Eine Art Wunderwaffe im Karosseriebau sind sogenannte “hochfeste” Stähle. Sie sind steifer und belastbarer als herkömmlicher Stahl, berichtete das Onlineportal motorline.cc.
Damit können Hersteller wie Ford beim neuen Focus in Großserienautomobilien ein eindrucksvolles Maß an Insassenschutz realisieren, ohne dass die Karosserie dabei schwerer wird. Nie zuvor haben die Kölner bei einem ihrer Autos so viel hochfesten Stahl verbaut wie beim neuen Focus.
Wer denkt, Stahl sei gleich Stahl, irrt. Der Werkstoff hat eine kaum überschaubare Vielfalt entwickelt. Um den vielfältigen Anforderungen an eine Karosserie, vor allem beim Insassenschutz gerecht zu werden, kommen teilweise hunderte unterschiedliche Stahlsorten für eine einzige Autokarosserie zum Einsatz. Im Register europäischer Stähle sind über 2 300 verschiedene Sorten gelistet.
Das vorwiegend verwendete Material im Karosseriebau bei Automobilen ist seit über hundert Jahren Stahl. Daran wird sich für die Massenmobilisierung auch in absehbarer Zeit nicht viel ändern. In der Summe seiner Eigenschaften ist Stahl für den Karosseriebau unersetzlich. Zum Beispiel wegen der einfachen Formbarkeit, der Verarbeitungsmöglichkeiten in industriellem Stil und wegen der relativ geringen Kosten (ca. 750 Euro/Tonne; Stand 2012). Die entscheidenden Nachteile wie das hohe Gewicht und Anfälligkeit für Korrosion lassen sich technisch beherrschen.

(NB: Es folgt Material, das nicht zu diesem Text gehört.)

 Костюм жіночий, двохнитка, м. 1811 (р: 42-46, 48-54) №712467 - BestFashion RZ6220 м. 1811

Wirksamen Korrosionsschutz gewährleistet das Beschichten der Stahloberfläche mit Gemischen aus Zink, Magnesium und Aluminium. Derart behandelte Bleche lassen sich auch beispielsweise beim Tiefziehen leichter verarbeiten. Das Gewichtsproblem lösen unterschiedliche Stahlsorten. Die Hersteller der Stahlbleche liefern ihr Material zu unterschiedlicher Dicke gewalzt und zu sogenannten “Coils” aufgerollt an. Das sind riesige Rollen, zu denen die Bleche gewickelt sind. Je nach künftigem Einsatzort in der Autokarosserie betragen die Stärken zwischen 0,6 und drei Millimeter.
Die unterschiedlichen Eigenschaften einzelner Stahlbleche entstehen durch variable Anteile an Kohlenstoff (zwischen 0,01 und 2,06 Prozent) oder durch sogenannte “Mikrolegierungen”. Diese mikrolegierte Stähle teilen sich in “hochfesten” und “höchstfesten” und “ultrahochfesten” Stählen ein.

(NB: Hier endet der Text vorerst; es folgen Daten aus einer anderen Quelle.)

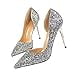 thumbnail image 3 of Dress First Womens Fashion Closed Toe Classic Pumps, 3 of 4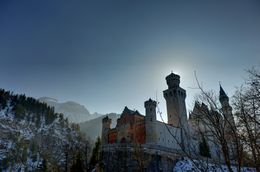 Photo of Royal Castles of Neuschwanstein and Linderhof Day Tour Neuschwanstein Castle - March 2011 , Peter H - May 2011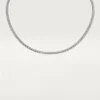 Κολιέ Essential Lines – Λευκόχρυσο, Διαμάντια – Cartier Κολιέ Essential Lines – Λευκόχρυσο, Διαμάντια – Cartier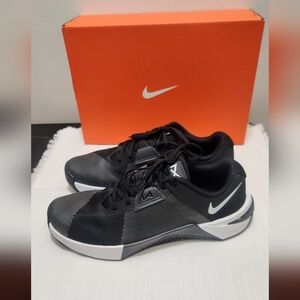 Nike Metcon 10 Men's Training Shoes Athletic Sneakers Gym Workout Black Size 10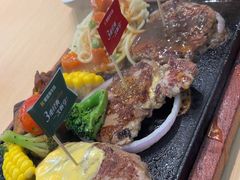 -豪客来牛排(中华城店)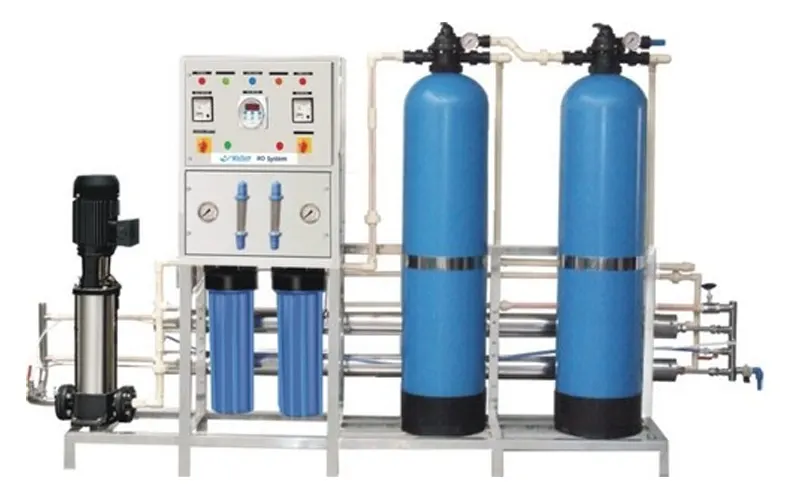 Commercial RO System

Durch geringe Beimengungen des Halbmetalls Bor, des Schwermetalls Niob, oder der sogenannten “Übergangsmetalle” Titan oder Vanadium, lässt sichdie Zug- und Druckfestigkeit von Stahl um bis zum Vierfachen steigern. So weist ein ultrahochfestes Stahlblech mit 0,5 Millimeter Stärke bei einem Viertel Gewicht die gleiche Festigkeit und Stabilität wie ein zwei Millimeter starkes konventionelles Stahlblech auf.

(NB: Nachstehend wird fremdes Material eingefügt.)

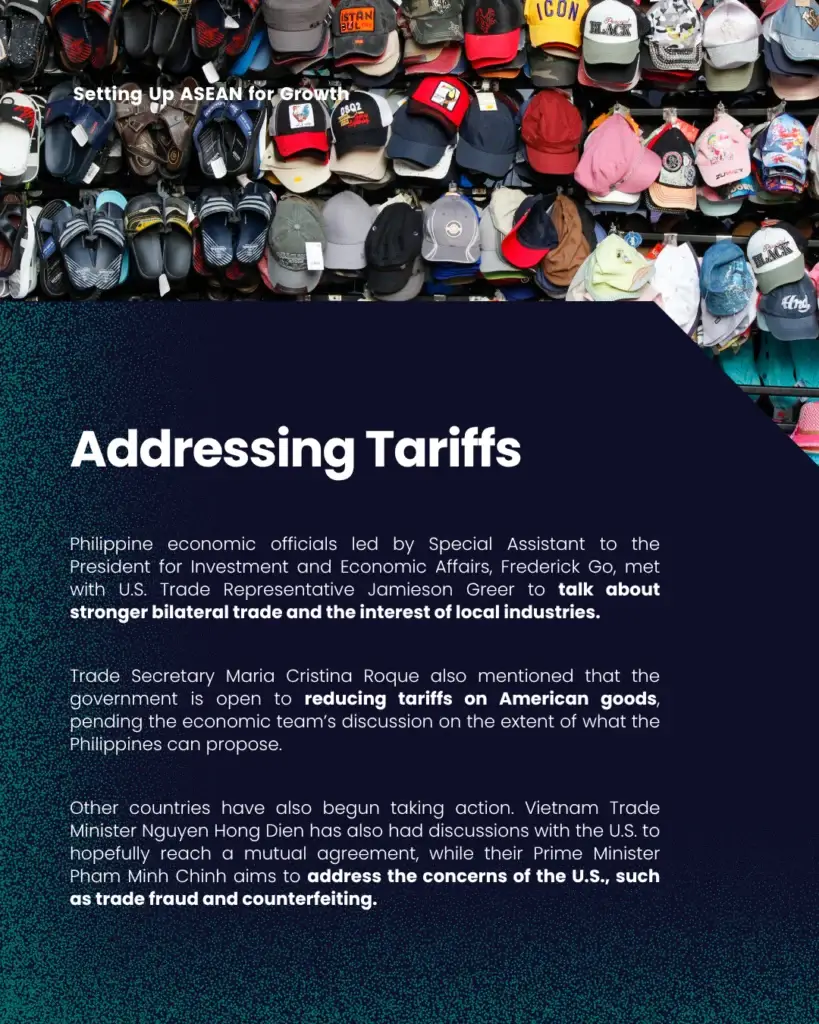 Setting Up ASEAN for Growth - slide 5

Diese Vielfalt beim Stahl ermöglicht den Entwicklern, jeder Zone der Karosserie optimale Eigenschaften zu verleihen. So kommen die ultrahochfesten Stähle dort zum Einsatz, wo bei einem Aufprall besonders hohe Kräfte auf die Fahrgastzelle auftreten. Die wichtigste Aufgabe der Fahrgastzelle ist dabei, ihr Volumen zum Schutz der Passagiere unter allen Umständen aufrecht zu erhalten.
Das heißt, weder die Säulen, noch die Querträger im Fahrzeugboden oder hinter dem Armaturenträger dürfen nachgeben. Andere Karosserie-Elemente im Bereich der Verformungszonen im Front und Heckbereich müssen dagegen extra “weich” und nachgiebig sein, um während der Verformung beim Aufprall so viel Energie wie möglich zu verzehren.
Die immer weiter voranschreitende Diversifizierung beim Werkstoff Stahl gewährleistet, dass Karosserie-Ingenieure bei Ford in Köln und sämtliche Kollegen rund um den Globus noch viele Modellgenerationen aus Stahlblech entwickeln werden.